Astronomers spot 'potentially hazardous' asteroid just ONE month before it is due to pass close to Earth
By Daily Mail Reporter
28th September 2010
Astronomers have spotted a 'potentially hazardous' asteroid less than one month before it is due to pass close to Earth.
The object, given the name '2010 ST3', is 150 metres in diameter and will pass within four million miles of Earth in mid-October.
It was discovered using the Panoramic Survey Telescope & Rapid Response System (Pan-STARRS) PS1 telescope in images taken on September 16th, when it was about 20 million miles away.
It is the first 'potentially hazardous object' (PHO) to be discovered by the Pan-STARRS survey, using a new telescope designed to scan the skies for dangerous asteroids.
'Although this particular object won't hit Earth in the immediate future, its discovery shows that Pan-STARRS is now the most sensitive system dedicated to discovering potentially dangerous asteroids,' said Robert Jedicke, a University of Hawaii member of the PS1 Scientific Consortium, who is working on the asteroid data from the telescope.
'This object was discovered when it was too far away to be detected by other asteroid surveys,' Jedicke noted.
Most of the largest PHOs have already been catalogued, but scientists suspect that there are many more under a mile across that have not yet been discovered.
These could cause devastation on a regional scale if they ever hit our planet. Such impacts are estimated to occur once every few thousand years.
Timothy Spahr, director of the Minor Planet Center (MPC), said, 'I congratulate the Pan-STARRS project on this discovery.

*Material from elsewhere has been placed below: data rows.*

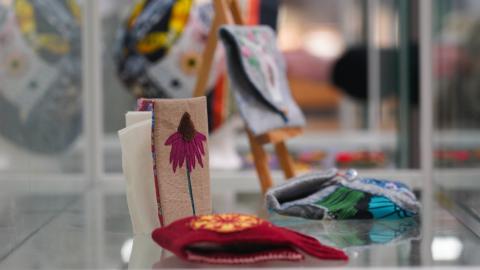 Vitriini, jossa on kirjontatöitä. Etualalla kukka-aiheinen työ.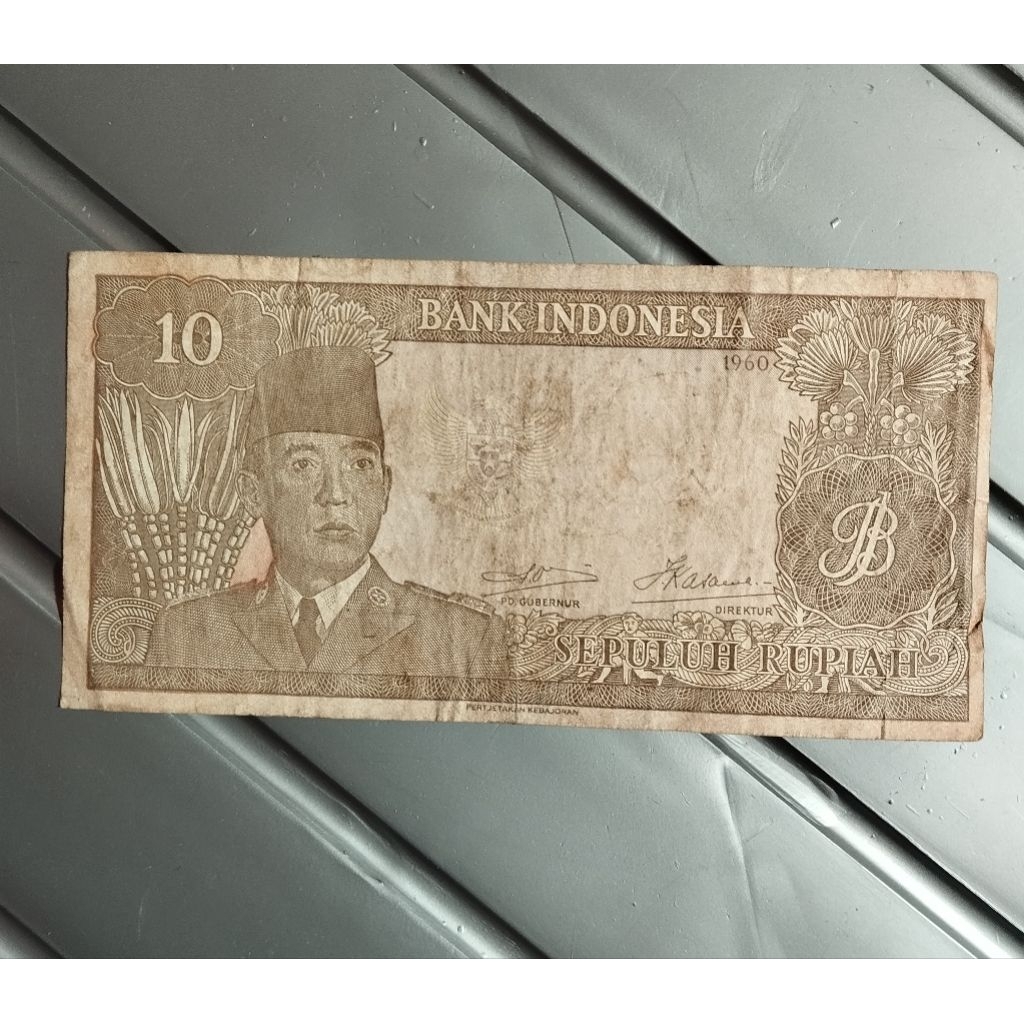 10;rupiah Sukarno thn 1960 tidak bagus kotor original sesuai foto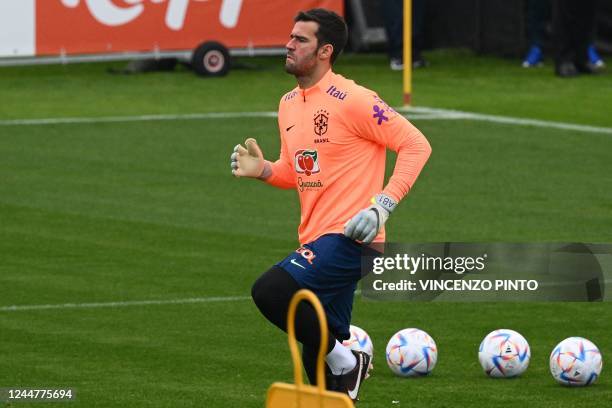 Brazil's goalkeeper Alisson attends a training session on November 14, 2022 at the Continassa training ground in Turin, northern Italy, as part of...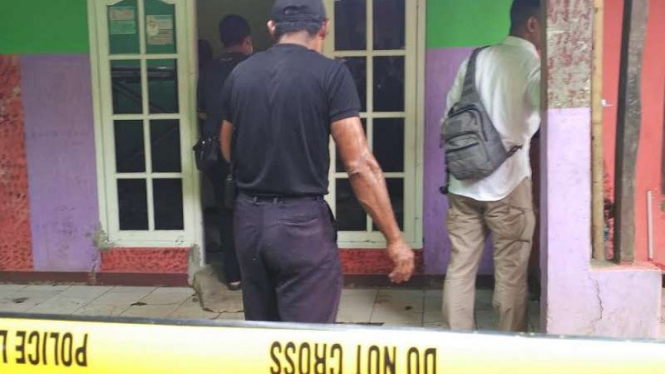 Petugas kepolisian membongkar lantai indekos mayat Sopyan yang disemen.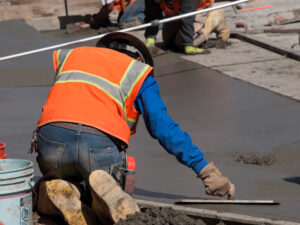 A contractor working on maintaining concrete for a property in NYC.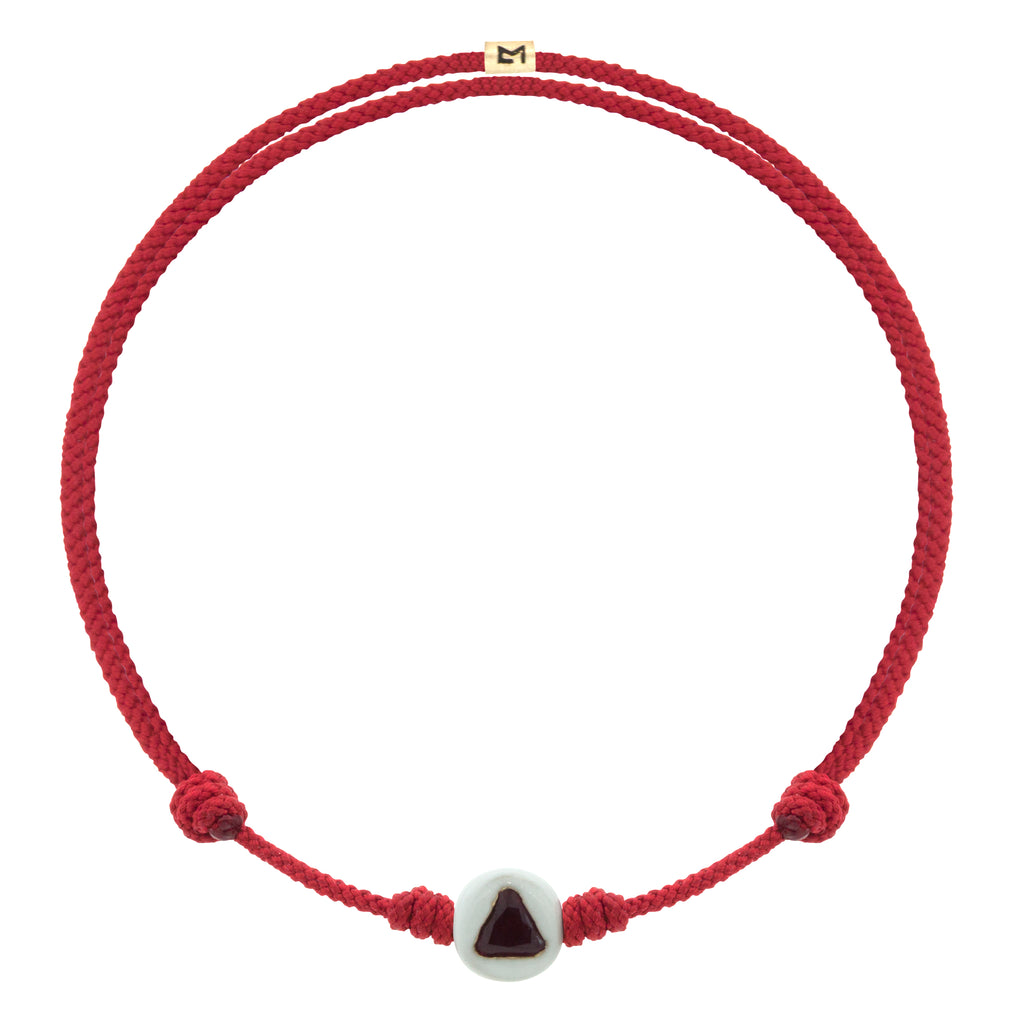 White Enameled Large Gold Ball With Ruby Trillion Cord Bracelet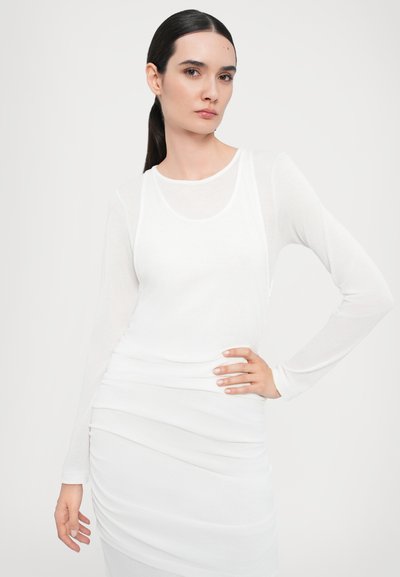 Witte lange mouw top met een ronde halslijn, gelaagde rimpeling bij de taille en een gladde, lichte stof. Model poseert met de hand op de heup.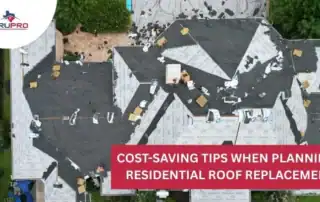 Roofers inspecting a residential roof during replacement project.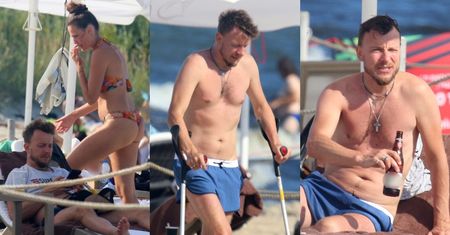 Kontuzjowany Piotr Kupicha popija zimne piwko i relaksuje się na plaży w Sopocie z żoną i córką (ZDJĘCIA)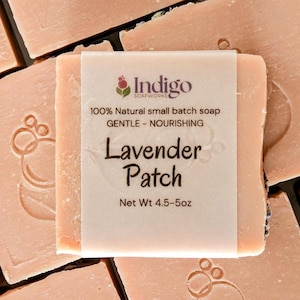 Peut inclure: Une collection de savons carrés rose clair, chacun arborant un motif floral estampé. Un savon est entouré d'une étiquette en papier portant l'inscription Indigo Soapworks, 100% Natural small batch soap, GENTLE - NOURISHING, Lavender Patch.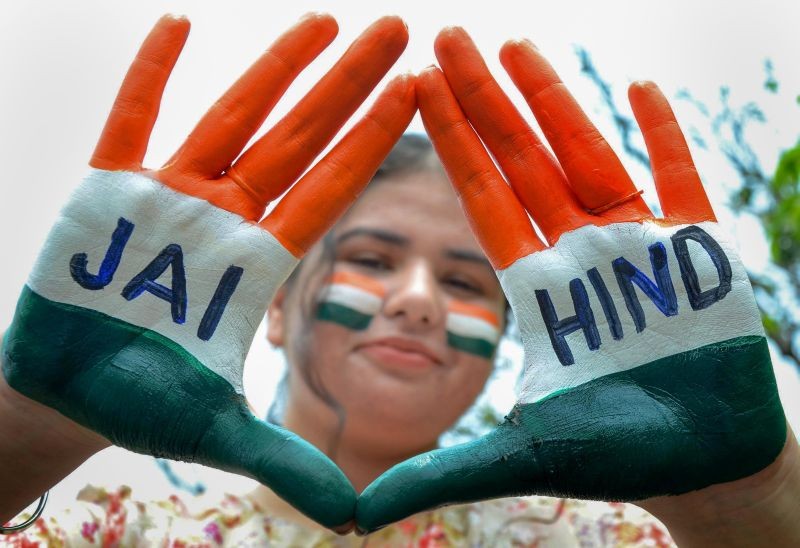 Amritsar: A girl paints her face and hands with tricolour pose for photographs on the eve of Independence Day celebrations, in Amritsar, Saturday, Aug. 14, 2021. (PTI Photo)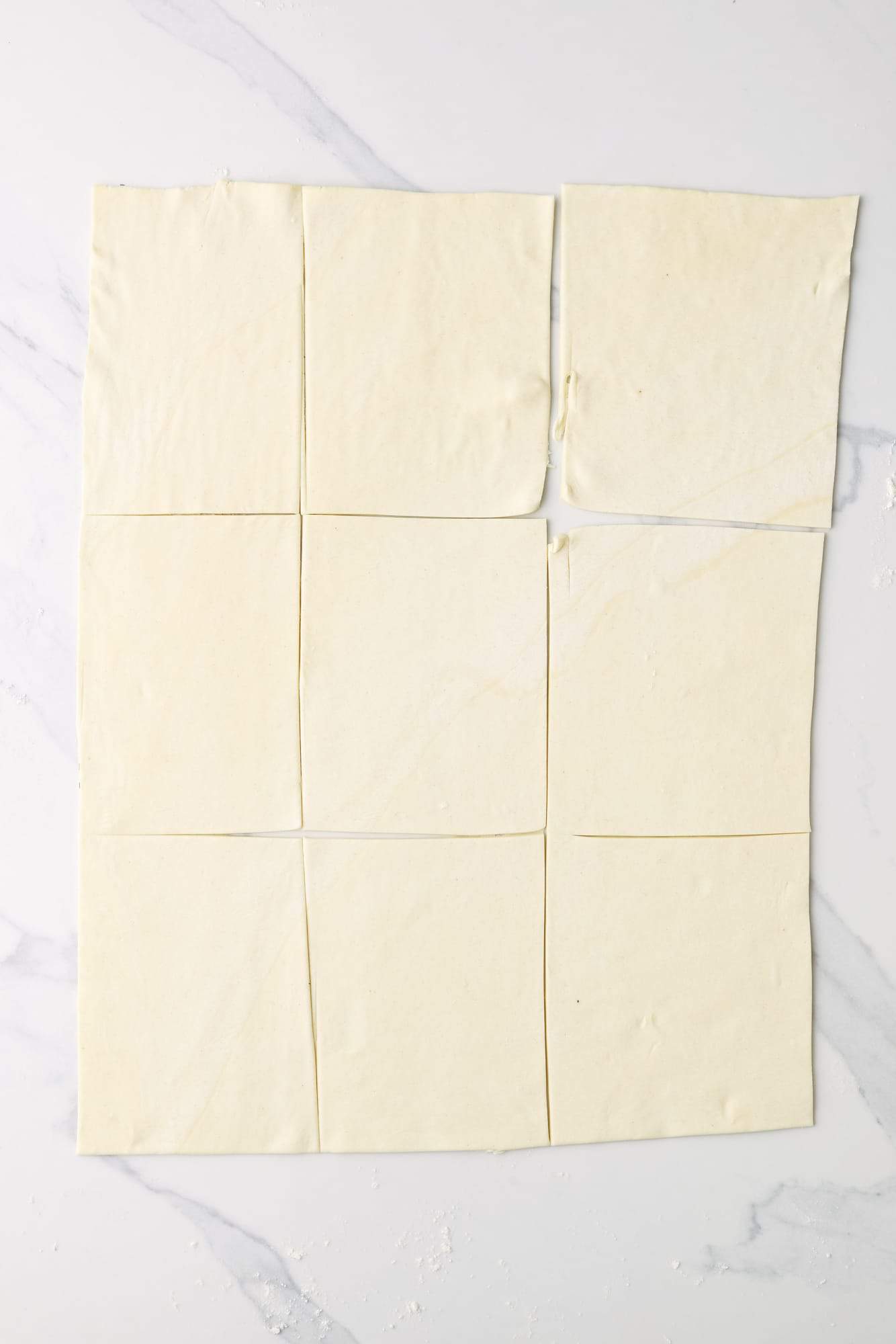 a puff pastry sheet rolled on a marble counter, cut into 9 squares.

'It is proof that the PS1 telescope, with its Gigapixel Camera and its sophisticated computerized system for detecting moving objects, is capable of finding potentially dangerous objects that no one else has found.'
Pan-STARRS expects to discover tens of thousands of new asteroids every year with sufficient precision to accurately calculate their orbits around the sun.
Any sizable object that looks like it may come close to Earth within the next 50 years or so will be labeled 'potentially hazardous' and carefully monitored.
NASA experts believe that, given several years warning, it should be possible to organize a space mission to deflect any asteroid that is discovered to be on a collision course with Earth.
PS1 and its bigger brother, PS4, which will be operational later in this decade, are expected to discover a million or more asteroids in total.
They will also spot more distant targets such as variable stars, supernovas, and mysterious bursts from galaxies across more than half the universe. PS1 became fully operational in June 201.